Today's four-cylinder family cars are hardly the dogs they used to be (my point of reference being the mid-90s Accord I drove in high school a car that won me few stoplight-revving contests and even fewer dates). The Legacy gets up and goes without protest, with around-town oomph that's comparable to a four-cylinder Accord or Toyota Camry. At highway speeds, Subaru's continuously variable automatic transmission takes a while to serve up the passing power you asked for, and the same is true on hills. If you prefer to shift your own gears or just want to save $1,000 a six-speed manual comes standard.

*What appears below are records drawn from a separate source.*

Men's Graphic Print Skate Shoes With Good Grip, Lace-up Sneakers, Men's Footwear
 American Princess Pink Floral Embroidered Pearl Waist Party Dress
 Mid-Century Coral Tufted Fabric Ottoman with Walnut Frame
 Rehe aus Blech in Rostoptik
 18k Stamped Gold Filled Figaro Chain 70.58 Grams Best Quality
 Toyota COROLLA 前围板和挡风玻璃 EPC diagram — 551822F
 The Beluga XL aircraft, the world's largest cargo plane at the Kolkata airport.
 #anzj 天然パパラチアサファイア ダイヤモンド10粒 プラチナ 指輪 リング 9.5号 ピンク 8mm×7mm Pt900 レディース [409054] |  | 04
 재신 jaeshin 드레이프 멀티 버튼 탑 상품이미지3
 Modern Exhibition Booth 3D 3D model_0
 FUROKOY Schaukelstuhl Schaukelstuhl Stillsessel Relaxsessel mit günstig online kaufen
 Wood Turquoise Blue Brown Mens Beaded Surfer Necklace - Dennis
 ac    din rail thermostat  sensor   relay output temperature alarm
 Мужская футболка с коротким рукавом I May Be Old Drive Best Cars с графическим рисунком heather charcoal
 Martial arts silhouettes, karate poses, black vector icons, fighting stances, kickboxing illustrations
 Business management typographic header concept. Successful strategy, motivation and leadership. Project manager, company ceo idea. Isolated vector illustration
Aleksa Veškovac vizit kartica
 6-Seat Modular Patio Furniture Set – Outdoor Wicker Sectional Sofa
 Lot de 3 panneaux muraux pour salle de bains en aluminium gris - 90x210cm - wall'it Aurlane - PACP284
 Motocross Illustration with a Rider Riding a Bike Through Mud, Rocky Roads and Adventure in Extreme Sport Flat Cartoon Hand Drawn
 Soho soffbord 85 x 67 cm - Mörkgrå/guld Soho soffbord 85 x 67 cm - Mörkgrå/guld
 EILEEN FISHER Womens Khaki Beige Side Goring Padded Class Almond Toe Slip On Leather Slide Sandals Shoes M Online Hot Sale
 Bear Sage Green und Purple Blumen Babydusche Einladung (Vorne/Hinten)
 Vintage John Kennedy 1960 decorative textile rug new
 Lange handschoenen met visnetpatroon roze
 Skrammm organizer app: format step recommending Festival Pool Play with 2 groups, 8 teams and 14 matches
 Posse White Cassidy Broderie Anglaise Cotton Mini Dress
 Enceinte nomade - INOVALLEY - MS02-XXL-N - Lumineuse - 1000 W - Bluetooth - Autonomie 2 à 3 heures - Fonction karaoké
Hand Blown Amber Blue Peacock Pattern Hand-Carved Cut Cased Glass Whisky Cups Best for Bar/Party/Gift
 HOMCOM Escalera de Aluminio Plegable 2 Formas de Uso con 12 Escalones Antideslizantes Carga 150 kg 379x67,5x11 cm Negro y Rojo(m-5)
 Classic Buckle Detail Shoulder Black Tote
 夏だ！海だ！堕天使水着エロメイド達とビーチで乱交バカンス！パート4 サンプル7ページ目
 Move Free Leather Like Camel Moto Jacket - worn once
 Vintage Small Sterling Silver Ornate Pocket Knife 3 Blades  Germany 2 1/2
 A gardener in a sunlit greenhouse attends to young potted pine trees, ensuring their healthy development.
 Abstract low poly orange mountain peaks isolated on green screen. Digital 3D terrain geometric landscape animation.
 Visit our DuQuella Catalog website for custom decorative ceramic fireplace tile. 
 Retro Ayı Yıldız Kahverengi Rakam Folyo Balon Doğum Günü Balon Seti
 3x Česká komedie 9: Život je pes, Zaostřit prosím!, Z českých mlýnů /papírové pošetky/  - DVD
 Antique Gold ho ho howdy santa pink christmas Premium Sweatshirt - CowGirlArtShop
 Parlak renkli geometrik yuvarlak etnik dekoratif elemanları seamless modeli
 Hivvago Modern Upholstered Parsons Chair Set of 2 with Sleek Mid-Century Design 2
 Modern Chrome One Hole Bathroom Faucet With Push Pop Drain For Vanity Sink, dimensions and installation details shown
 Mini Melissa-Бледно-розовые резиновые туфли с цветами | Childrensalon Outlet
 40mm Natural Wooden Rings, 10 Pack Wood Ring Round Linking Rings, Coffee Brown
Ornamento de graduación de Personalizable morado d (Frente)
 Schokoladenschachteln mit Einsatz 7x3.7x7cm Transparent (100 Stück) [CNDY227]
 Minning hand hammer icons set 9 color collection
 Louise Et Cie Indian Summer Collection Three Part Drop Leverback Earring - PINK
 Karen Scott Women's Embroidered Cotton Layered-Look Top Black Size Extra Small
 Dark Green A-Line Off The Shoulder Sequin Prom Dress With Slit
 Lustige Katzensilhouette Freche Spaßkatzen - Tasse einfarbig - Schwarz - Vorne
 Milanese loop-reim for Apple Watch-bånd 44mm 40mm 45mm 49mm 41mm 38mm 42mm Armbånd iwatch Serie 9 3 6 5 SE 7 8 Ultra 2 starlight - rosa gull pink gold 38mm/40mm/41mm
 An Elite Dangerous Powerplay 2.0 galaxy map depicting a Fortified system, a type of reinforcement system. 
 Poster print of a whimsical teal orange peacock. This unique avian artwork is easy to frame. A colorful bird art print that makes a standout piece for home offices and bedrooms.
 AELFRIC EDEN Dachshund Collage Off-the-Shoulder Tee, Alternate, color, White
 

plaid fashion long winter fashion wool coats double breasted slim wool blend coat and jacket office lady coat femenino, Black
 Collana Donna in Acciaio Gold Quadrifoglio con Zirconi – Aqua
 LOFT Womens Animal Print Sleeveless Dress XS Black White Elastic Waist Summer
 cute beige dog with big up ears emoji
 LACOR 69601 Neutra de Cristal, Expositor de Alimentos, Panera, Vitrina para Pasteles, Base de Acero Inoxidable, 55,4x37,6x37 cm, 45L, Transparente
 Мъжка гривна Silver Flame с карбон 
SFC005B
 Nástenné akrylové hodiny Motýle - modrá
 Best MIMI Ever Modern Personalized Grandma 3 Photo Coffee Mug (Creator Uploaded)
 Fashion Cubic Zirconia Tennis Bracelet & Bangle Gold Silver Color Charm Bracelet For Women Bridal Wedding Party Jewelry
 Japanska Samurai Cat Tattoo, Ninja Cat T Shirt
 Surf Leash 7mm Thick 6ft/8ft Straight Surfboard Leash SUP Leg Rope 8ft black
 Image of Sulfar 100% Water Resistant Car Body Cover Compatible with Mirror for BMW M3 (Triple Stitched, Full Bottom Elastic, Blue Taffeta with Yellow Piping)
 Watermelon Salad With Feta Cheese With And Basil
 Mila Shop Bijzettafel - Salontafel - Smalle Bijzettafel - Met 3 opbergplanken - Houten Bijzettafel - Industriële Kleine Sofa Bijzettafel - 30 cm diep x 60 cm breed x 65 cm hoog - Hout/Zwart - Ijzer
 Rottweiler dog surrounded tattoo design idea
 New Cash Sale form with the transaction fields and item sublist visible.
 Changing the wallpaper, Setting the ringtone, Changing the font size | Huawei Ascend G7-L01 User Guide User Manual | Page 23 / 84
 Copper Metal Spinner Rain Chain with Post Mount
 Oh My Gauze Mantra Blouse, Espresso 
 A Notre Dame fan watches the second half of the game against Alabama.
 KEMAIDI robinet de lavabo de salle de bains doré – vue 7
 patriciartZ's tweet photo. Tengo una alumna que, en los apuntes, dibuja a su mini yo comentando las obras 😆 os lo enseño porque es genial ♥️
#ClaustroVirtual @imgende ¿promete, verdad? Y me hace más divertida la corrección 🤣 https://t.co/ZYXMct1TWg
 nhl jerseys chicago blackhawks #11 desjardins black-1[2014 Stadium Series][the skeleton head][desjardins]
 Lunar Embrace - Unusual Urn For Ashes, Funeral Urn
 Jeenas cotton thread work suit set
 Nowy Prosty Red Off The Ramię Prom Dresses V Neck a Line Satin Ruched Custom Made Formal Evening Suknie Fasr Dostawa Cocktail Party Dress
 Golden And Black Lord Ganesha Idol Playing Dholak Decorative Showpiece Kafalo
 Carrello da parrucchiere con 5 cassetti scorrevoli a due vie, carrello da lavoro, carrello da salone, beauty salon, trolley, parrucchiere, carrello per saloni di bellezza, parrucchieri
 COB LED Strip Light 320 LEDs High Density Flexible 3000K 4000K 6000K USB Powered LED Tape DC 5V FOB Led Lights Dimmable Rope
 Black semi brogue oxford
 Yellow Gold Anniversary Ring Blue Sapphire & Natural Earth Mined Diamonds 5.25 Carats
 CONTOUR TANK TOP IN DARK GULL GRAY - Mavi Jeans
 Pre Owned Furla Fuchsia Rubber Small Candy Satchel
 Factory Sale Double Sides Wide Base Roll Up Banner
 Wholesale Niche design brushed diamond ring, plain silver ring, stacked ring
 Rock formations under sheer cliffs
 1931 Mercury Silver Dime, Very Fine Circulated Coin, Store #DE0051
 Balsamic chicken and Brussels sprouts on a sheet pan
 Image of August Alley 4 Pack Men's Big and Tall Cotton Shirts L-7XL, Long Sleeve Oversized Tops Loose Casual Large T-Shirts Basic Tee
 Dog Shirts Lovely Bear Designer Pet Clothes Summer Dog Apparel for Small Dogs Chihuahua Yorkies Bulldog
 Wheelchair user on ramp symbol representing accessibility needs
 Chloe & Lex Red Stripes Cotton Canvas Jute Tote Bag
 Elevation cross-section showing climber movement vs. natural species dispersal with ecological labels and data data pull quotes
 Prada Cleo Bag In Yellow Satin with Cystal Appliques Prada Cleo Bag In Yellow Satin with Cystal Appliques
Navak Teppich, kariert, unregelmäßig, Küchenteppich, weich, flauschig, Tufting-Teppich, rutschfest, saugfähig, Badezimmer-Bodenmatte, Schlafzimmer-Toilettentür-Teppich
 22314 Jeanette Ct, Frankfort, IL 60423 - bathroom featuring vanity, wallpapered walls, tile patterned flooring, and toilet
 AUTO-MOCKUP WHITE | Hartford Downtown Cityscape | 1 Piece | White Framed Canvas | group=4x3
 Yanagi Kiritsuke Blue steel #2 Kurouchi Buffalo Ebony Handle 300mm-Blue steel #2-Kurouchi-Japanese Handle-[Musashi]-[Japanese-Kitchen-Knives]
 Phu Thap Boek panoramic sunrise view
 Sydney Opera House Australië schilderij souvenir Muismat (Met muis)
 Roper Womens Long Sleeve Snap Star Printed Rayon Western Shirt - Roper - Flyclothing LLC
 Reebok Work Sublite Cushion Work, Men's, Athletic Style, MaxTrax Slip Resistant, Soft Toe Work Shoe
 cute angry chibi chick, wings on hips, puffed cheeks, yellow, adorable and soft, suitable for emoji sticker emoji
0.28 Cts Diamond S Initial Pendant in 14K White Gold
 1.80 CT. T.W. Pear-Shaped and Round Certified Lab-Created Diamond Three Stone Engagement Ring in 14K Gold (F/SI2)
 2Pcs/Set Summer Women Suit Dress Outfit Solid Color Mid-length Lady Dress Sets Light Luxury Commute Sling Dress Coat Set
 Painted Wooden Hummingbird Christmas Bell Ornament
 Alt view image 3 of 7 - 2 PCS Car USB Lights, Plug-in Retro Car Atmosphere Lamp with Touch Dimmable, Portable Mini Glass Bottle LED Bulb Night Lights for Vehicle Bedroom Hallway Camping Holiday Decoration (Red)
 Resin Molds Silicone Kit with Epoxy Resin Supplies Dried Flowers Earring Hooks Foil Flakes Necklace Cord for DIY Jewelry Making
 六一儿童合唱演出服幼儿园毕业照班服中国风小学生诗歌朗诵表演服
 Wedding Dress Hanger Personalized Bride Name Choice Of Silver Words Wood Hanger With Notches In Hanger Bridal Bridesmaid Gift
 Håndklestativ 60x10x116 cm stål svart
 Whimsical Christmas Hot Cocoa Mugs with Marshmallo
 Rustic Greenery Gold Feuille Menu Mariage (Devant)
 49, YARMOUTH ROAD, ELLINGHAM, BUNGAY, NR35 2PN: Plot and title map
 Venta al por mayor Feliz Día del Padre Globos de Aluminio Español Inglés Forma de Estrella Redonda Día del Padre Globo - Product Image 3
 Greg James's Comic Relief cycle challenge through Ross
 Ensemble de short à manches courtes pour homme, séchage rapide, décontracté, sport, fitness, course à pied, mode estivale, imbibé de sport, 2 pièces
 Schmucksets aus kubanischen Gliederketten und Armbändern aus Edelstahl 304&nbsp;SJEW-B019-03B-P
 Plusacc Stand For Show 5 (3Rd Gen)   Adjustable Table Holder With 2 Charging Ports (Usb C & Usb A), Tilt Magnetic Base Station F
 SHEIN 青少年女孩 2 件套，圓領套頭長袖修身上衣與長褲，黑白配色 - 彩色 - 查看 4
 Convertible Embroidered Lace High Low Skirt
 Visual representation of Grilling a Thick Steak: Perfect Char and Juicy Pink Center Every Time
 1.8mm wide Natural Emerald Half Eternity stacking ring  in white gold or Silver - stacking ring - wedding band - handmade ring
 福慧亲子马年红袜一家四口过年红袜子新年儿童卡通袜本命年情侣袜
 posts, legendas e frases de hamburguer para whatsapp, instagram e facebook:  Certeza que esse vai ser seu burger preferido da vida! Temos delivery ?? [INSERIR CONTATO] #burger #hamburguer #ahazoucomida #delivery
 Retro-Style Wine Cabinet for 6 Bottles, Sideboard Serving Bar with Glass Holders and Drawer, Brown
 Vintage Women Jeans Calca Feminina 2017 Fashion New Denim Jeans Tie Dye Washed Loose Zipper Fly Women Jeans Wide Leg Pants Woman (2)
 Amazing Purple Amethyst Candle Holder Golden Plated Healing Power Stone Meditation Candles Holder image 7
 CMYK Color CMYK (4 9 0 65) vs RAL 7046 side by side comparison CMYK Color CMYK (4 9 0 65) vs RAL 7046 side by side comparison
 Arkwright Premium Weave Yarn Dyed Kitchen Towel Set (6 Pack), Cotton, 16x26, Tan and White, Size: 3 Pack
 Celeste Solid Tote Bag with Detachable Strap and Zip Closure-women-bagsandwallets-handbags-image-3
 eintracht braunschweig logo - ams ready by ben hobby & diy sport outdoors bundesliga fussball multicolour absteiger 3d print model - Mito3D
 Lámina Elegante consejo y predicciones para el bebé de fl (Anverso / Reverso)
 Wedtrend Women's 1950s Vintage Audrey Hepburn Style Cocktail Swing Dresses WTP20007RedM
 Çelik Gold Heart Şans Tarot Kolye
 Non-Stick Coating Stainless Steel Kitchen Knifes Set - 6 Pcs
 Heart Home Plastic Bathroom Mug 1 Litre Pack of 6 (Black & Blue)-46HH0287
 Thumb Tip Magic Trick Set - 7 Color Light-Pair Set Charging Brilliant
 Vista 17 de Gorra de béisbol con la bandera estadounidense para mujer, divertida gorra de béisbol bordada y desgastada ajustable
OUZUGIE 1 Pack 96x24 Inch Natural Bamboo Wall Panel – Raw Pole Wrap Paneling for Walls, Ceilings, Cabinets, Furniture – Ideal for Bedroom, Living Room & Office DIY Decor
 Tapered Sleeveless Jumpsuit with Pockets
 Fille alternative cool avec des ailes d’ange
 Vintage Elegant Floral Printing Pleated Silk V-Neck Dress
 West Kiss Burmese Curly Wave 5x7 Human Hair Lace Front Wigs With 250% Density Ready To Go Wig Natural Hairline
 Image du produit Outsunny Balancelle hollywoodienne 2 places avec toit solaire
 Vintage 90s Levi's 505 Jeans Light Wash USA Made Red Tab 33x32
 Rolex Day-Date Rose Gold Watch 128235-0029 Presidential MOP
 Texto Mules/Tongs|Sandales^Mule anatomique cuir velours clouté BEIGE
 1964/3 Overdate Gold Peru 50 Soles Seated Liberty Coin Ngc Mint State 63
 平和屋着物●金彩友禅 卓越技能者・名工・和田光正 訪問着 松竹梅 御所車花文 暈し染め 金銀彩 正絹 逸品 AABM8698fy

The all-wheel-drive system provides a confident grip six-cylinder models get a more sophisticated all-wheel-drive system that's supposed to give the car a more rear-wheel-drive-like experience and the steering wheel carves corners with admirable precision. Unfortunately, those same maneuvers cause excessive body roll, like you'd expect in a Camry. Subaru says suspension tuning is the same across all variants.

Ride quality is good and wind noise is low, but road noise with my test car's 17-inch wheels seemed loud. Above 70 mph, crosswinds can make the steering wheel a bit jittery. I spent a good chunk of time on the interstate making minor corrections to stay on course. The Camry has its own problems mostly its numb, lollygagging highway steering but the Accord feels more settled than the other two.

Four-wheel-disc antilock brakes are standard, with turbo and six-cylinder models getting beefier discs. My Legacy's brakes worked well, with a linear pedal feel and decent stopping power.

Gas mileage, at an EPA-estimated 23/31 mpg city/highway with the CVT, is better than last year's four-speed automatic Legacy, but it trails segment leaders like the 33-mpg Camry and Chevrolet Malibu and the 34-mpg Ford Fusion. Subaru's standard all-wheel drive adds weight. With that in mind, its mileage is hardly below par: The all-wheel-drive Fusion's best mpg numbers are 18/25 mpg (though that's with a V-6 engine). Ford doesn't offer all-wheel drive with the four-cylinder, so the Legacy's price of entry for an all-wheel-drive midsize sedan is roughly $8,000 less than Ford's, with 5 mpg of fuel savings to boot.

The Legacy's gas mileage with a manual transmission and non-turbo four-cylinder is 19/27 mpg. Trade the 170-horsepower four-cylinder for either of the more powerful drivetrains the 256-hp six-cylinder with a five-speed automatic or a 265-hp, turbo four-cylinder with a six-speed manual and mileage drops to 18/25 mpg.

Horsepower fans, take note: The turbocharged Legacy requires premium fuel. Other drivetrains use regular gas.